- Born: 1945 (age 80–81)
- Education: B.S. (1969) Chemistry M.S. (1971) Chemistry Ph.D. (1976) Finance
- Alma mater: University of Utah Cornell University
- Occupation: Former Dean of the Marriott School of Business at Brigham Young University

= Ned C. Hill =

Ned Cromar Hill (born 1945) is the American National Advisory Council professor of business management and was dean of the Marriott School of Business (MSB) at Brigham Young University (BYU) from 1998 to 2008. From 2011 to 2014, he served as president of the Romania Bucharest Mission of the Church of Jesus Christ of Latter-day Saints (LDS Church).

==Career==
Prior to his appointment as the MSB's dean, he served for two years as an assistant to BYU president Merrill J. Bateman, with responsibility for strategic planning in the areas of facilities and space management, distance learning, information systems, and assessment. Before joining the administration, Hill chaired the MSB's Department of Business Management. He joined the MSB faculty as the Joel C. Peterson Professor of Business Administration in 1987 and received the school's Outstanding Faculty Award in 1992.

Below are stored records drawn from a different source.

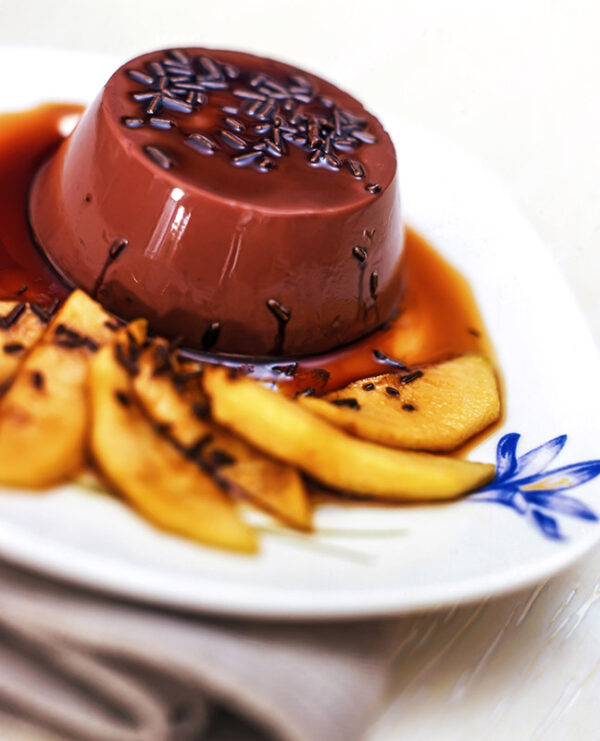PANNA COTTA AL CIOCCOLATO CON MELE AL CARAMELLO SPEZIATO - S1503265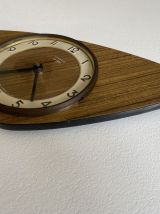 Horloge de cuisine en formica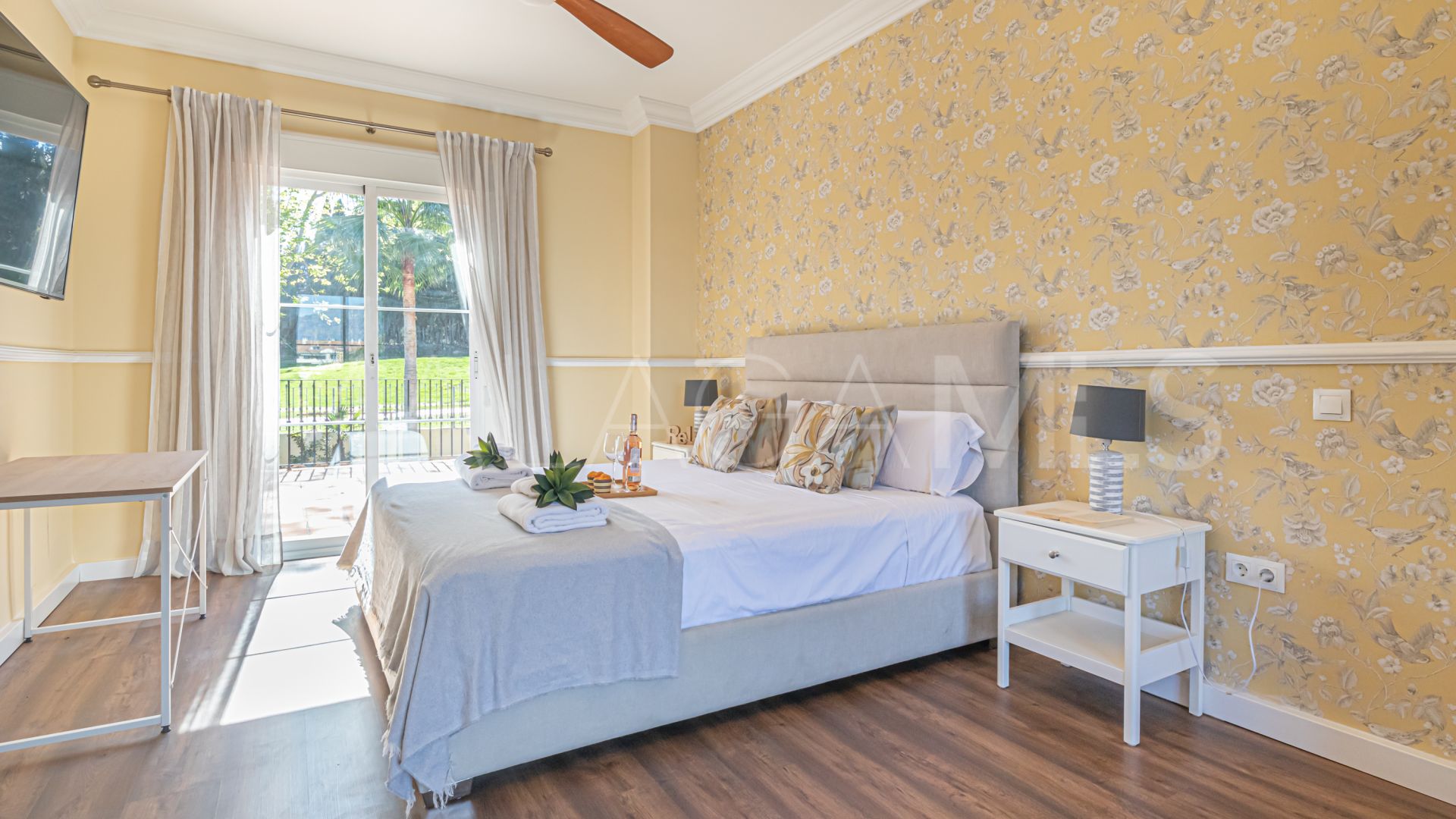 Se vende villa in Guadalmina Alta with 7 bedrooms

During 1976 to 1977, Hill was an assistant professor at Cornell University. From 1977 to 1987 he was a finance professor on the faculty of Indiana University. MBA students at both BYU and Indiana University elected him their outstanding teacher several times.

Hill is a widely published author and frequent speaker on the subjects of treasury management, electronic commerce, and personal finance. He was founder and senior editor of EDI FORUM: The Journal of Electronic Commerce and has written four books and more than 70 professional articles. For several years he served on the Information Technology Commission for the state of Utah, and he has been a regional director of the Financial Management Association.

Hill holds a PhD in finance from the Samuel Curtis Johnson Graduate School of Management at Cornell University, a master's degree in chemistry from Cornell, and a bachelor's degree in chemistry from the University of Utah.

On January 25, 2011, the MSB announced the creation of a new chaired professorship, the Ned Cromar Hill Professorship of Finance. The professorship was established and funded by Hill's longtime friends, Brent and Bonnie Jean Beesley.

==Criticism surrounding Mitt Romney's presidential bid==
On October 9, 2006, Hill and MSB associate dean, W. Steve Albrecht, sent an e-mail to 50 BYU Management Society members and 100 members of the school's National Advisory Council asking them to support Mitt Romney's potential bid for the presidency. Hill and Albrecht signed the message with their official BYU titles, sent the e-mail from a BYU e-mail address, and began the message "Dear Marriott School Friend." Both the LDS Church and BYU, as tax-exempt, nonprofit organizations, are prohibited by federal law from advocating on behalf of a particular candidate or political party. Albrecht said that he should not have sent it in his capacity as a BYU dean: "It wasn't something BYU did, it wasn't something I probably should have done, and it was bad judgment."

==Personal life==
As a young man, Hill served as an LDS Church missionary in Germany. During his time at Indiana University, Hill served as president of the church's Bloomington Indiana Stake. He and his wife, Claralyn, are the parents of five children. Hill's wife unsuccessfully ran for the Utah State House of Representatives as a moderate Democrat in 2008.